Gaining a search image

Canyoncountry appears stark at first glance. In winter, the shrubs seemed too scrubby and impossible to tell apart. Almost (dare I say it)… boring. Most have small, nondescript leaves. Even cliffrose (Purshia), that produces creamy fragrant blossoms, appeared dull and inconspicuous.
Down into the canyon
But not anymore. Spring transformations are happening. And I’m hiking with a naturalist with years of experience in this area. Nothing is dull anymore.

Up at the trailhead, Robb notices a cliffrose-like shrub, but this one has broader leaves and a spreading growth form. A different species?
Broader leaves of Pursha tridentata
Later, we find out it is Purshia tridentata, a close relative of P. mexicana, which is the one seen more commonly around Moab. If I were alone, I’d have overlooked it completely.
Pursha mexicana, the cliffrose commonly found around Moab
There is joy in hiking with someone who knows an area really well. When I was little, on days I as having a test my dad would always tell me, “Just sit next to the smart kid.” I never cheated on tests, but that advice became a life philosophy over the years, morphing into “make friends with the smart people, watch what they do, and learn from them.” It’s the ticket not to just learning facts, but learning how to learn and interact with this environment.

The trail tumbles down through the sheer Wingate Sandstone, like so many of my favorite hikes begin. Down below, there are some springs hidden beneath the ribbon of spring-green cottonwood that we are going to check out.

Robb’s butterfly net is slung over his shoulder and he periodically runs off chasing something I don’t see, returning to show me a treasure. “Look for green or brown triangles,” he says as he gently taps each cliffrose with the handle of his net and watches to see if it stirs up any butterflies. Looking for Desert Elfin, a species he’d not seen in this area previously.

Each species spotted is photographed and recorded in iNaturalist, an online, georeferenced tool for identification and sharing of natural history data. By the time we are done with the hike, other people have provided an identification for P. tridentata (which Robb entered into iNaturalist at the trailhead). What a helpful tool!

Soon, I’m staring to see the movement of tiny flittering creatures filling the canyon. I'm getting the search image down.
Plus a collared lizard
More shrubs are examined. Robb tells a story about blackbrush and how it is one of the oldest living things around. Blackbrush is low-growing and appeared to me all winter as even more boring than cliffrose. But learning how it could be hundreds of years old fills me with awe.
Down in the wash, the clear water girgles along and creates a deep pool lined by brilliant green algae.
As we climb back up, I marvel at how the butterflies come into focus, the birdsongs fill my ears, and how much more there is to see here than at first glance.
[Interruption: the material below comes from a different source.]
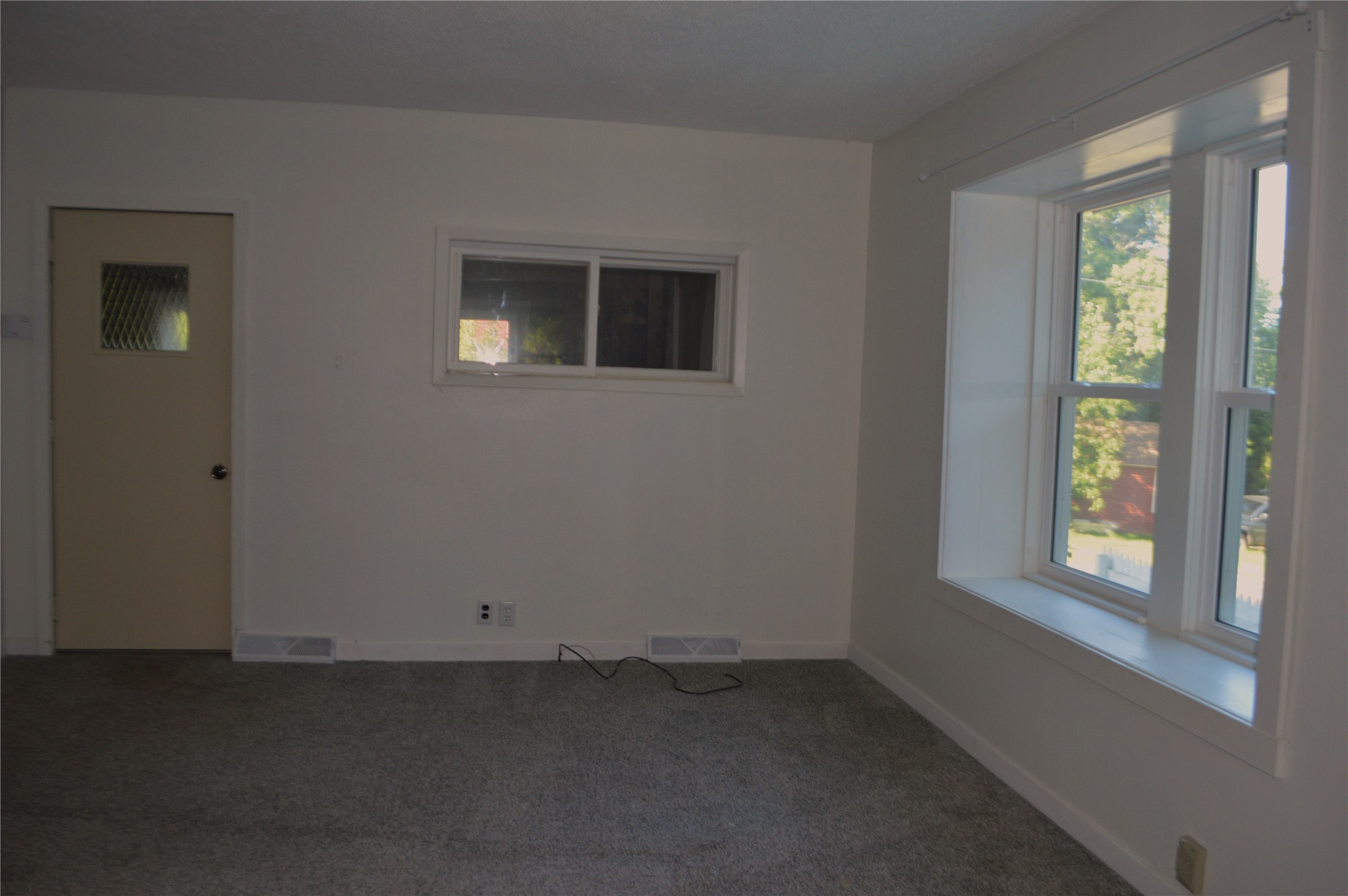 1085 Water Street Property Photo 14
The next week while roving trail at my park, I spot a little brown triangle of my own, a Desert Elfin. And am grateful of for a newfound search image that makes a seemingly inconspicous world come to life.
So exciting to spot this Desert Elfin on the Devil's Garden Trail at Arches!


  1. Ooh botanizing! And natural-izing?? Looks like fun! It's been a few weeks since we've been anywhere but our yard so I need to get out and do some of that.

    1. Yes, it's sure been fun, all this botanizing and (i)naturalizing.